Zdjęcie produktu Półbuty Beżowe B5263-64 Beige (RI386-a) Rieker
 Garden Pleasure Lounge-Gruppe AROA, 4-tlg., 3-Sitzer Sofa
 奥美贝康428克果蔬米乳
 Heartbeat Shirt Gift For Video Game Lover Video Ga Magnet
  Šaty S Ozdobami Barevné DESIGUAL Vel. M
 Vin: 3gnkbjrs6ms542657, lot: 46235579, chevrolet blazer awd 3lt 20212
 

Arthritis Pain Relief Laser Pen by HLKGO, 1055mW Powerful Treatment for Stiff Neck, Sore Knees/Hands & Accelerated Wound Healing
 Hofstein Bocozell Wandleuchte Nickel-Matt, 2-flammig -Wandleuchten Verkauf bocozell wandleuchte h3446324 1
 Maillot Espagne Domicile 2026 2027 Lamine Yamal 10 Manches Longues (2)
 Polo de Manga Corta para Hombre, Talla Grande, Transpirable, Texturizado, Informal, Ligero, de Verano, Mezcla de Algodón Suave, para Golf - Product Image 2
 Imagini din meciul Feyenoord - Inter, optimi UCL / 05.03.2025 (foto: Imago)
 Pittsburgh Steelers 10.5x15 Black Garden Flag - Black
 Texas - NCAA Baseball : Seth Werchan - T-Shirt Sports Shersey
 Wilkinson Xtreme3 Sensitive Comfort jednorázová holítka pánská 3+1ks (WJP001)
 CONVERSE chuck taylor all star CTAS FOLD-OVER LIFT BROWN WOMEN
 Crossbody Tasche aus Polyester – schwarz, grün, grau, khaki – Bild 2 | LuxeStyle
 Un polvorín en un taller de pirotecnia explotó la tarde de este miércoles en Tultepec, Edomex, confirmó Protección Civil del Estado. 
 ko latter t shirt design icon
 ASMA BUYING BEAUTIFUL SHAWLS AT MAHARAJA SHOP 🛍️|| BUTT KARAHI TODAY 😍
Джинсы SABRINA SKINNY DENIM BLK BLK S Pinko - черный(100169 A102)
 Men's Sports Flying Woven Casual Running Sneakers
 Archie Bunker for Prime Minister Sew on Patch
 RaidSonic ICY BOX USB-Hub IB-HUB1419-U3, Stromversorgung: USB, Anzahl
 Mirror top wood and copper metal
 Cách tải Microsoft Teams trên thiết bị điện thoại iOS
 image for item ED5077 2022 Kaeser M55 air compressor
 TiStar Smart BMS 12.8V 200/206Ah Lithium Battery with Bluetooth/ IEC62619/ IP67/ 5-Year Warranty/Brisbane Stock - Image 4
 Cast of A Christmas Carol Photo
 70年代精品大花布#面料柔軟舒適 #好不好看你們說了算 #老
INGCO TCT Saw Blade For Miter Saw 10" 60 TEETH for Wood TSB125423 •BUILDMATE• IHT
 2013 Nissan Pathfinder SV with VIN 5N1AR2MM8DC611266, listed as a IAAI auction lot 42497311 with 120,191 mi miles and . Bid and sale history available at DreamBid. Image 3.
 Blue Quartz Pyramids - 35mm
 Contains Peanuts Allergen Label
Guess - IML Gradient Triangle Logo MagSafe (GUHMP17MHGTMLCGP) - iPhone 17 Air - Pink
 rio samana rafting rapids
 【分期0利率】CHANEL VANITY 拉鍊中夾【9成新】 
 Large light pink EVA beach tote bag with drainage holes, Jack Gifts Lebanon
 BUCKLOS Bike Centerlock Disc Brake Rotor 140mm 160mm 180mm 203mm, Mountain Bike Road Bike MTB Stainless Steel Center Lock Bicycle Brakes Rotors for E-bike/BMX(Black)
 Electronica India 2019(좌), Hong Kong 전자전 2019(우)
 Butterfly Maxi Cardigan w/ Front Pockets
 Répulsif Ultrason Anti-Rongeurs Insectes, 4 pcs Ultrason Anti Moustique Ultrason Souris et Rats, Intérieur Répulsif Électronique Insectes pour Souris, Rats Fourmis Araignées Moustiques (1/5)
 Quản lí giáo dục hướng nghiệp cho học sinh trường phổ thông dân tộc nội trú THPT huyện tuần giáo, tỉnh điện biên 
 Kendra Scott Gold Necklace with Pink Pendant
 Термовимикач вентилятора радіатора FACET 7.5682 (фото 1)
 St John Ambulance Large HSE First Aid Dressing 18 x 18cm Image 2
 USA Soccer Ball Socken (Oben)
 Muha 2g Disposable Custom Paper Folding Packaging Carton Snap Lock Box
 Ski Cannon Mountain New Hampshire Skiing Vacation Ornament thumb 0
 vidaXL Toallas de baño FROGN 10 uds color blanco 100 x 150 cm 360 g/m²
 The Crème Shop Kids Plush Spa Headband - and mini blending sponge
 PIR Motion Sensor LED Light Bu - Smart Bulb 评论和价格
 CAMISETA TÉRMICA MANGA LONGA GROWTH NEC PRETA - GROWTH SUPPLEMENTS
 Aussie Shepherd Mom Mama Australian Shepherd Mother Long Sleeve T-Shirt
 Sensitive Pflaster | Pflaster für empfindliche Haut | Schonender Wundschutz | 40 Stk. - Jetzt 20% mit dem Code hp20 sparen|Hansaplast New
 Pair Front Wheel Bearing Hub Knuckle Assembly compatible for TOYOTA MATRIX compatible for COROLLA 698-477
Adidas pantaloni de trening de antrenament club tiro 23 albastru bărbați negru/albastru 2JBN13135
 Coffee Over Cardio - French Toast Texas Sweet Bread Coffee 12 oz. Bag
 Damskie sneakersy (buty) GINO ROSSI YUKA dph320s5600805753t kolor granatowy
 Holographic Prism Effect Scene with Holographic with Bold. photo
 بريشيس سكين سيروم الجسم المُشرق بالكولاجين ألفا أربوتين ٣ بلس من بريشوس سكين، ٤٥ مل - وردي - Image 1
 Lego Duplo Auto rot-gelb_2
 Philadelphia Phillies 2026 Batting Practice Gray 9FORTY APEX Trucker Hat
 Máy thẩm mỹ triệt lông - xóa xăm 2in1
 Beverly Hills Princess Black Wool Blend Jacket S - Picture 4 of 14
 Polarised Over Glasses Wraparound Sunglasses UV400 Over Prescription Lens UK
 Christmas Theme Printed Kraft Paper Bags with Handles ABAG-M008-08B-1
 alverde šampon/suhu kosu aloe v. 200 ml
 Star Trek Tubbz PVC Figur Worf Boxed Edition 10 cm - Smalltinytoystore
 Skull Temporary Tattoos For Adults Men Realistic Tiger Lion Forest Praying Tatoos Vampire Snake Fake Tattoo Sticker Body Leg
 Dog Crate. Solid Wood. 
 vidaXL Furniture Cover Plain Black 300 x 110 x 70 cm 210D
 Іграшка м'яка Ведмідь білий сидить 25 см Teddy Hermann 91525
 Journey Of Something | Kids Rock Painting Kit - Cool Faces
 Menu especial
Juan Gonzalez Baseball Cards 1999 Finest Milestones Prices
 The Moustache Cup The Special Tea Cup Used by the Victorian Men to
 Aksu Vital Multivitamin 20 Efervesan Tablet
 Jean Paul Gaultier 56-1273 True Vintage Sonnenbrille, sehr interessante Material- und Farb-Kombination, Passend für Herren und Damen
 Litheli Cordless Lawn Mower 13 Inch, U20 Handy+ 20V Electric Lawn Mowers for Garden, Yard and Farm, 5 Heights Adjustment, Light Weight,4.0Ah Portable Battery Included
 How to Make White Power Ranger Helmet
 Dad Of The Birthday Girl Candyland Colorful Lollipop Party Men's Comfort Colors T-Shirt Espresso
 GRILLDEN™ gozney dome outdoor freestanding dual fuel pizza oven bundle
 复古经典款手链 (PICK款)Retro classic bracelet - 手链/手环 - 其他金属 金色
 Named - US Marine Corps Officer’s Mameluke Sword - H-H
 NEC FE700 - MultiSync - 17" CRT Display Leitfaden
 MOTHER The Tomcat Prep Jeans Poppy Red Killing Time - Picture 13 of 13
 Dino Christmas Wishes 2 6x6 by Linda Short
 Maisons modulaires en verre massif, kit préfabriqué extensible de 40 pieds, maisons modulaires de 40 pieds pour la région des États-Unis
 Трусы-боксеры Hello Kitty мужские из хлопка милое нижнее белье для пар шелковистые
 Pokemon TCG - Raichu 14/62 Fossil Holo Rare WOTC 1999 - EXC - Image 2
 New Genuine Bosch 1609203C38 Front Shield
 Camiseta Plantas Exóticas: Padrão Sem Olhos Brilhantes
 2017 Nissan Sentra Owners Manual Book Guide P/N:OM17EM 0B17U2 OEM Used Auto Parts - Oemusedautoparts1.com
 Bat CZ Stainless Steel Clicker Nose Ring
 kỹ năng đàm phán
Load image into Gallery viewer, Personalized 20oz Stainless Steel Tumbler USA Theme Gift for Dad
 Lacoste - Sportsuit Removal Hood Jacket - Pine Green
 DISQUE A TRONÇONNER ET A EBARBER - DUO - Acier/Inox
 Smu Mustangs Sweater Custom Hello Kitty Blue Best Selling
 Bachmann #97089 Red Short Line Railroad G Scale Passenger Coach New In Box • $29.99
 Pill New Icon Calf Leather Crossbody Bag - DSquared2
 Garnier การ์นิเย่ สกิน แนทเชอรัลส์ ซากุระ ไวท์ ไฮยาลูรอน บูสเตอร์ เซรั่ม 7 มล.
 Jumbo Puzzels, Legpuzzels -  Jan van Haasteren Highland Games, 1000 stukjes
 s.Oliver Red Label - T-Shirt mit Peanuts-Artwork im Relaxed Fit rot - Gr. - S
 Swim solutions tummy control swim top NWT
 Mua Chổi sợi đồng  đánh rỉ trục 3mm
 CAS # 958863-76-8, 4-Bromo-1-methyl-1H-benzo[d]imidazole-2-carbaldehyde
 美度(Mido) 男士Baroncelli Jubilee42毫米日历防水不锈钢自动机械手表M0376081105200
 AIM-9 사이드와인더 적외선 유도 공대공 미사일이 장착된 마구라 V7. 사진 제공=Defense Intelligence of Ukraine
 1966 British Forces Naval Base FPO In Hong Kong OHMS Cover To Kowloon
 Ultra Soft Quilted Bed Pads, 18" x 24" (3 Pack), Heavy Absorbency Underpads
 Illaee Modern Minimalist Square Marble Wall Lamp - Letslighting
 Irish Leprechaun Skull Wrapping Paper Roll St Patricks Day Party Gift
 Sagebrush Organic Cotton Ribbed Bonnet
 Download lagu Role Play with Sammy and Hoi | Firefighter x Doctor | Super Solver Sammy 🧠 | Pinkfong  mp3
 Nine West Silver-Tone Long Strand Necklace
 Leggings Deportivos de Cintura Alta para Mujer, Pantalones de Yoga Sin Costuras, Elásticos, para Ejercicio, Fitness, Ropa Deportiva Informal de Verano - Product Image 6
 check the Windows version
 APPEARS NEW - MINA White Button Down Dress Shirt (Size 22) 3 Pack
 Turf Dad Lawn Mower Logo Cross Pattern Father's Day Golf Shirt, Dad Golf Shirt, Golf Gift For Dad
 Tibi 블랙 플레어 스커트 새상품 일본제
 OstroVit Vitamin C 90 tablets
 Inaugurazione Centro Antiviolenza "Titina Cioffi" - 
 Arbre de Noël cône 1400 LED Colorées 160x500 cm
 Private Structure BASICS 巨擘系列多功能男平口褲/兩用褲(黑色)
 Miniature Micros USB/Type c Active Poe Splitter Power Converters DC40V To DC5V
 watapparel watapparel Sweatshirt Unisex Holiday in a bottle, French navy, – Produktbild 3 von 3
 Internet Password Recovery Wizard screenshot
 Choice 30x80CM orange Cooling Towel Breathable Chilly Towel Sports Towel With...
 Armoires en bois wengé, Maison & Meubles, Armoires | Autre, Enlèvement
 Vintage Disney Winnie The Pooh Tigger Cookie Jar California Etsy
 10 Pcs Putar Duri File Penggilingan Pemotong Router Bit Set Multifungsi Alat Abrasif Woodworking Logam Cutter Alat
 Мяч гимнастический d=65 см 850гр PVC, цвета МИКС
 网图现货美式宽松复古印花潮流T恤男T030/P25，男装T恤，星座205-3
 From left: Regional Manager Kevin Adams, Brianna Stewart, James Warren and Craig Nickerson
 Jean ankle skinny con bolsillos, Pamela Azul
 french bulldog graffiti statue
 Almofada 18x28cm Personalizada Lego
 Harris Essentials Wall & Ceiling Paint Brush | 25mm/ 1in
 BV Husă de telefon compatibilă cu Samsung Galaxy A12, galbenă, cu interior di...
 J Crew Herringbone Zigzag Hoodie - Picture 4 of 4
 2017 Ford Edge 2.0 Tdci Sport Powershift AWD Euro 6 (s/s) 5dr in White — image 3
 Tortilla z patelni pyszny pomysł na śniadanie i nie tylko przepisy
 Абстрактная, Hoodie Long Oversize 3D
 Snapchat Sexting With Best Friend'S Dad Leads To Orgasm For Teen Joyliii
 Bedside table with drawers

**TASK BRIEF:** Output each line of the listing above that has "Crossbody".

**SOLUTION TO THIS PROBLEM:**
 Crossbody Tasche aus Polyester – schwarz, grün, grau, khaki – Bild 2 | LuxeStyle
 Pill New Icon Calf Leather Crossbody Bag - DSquared2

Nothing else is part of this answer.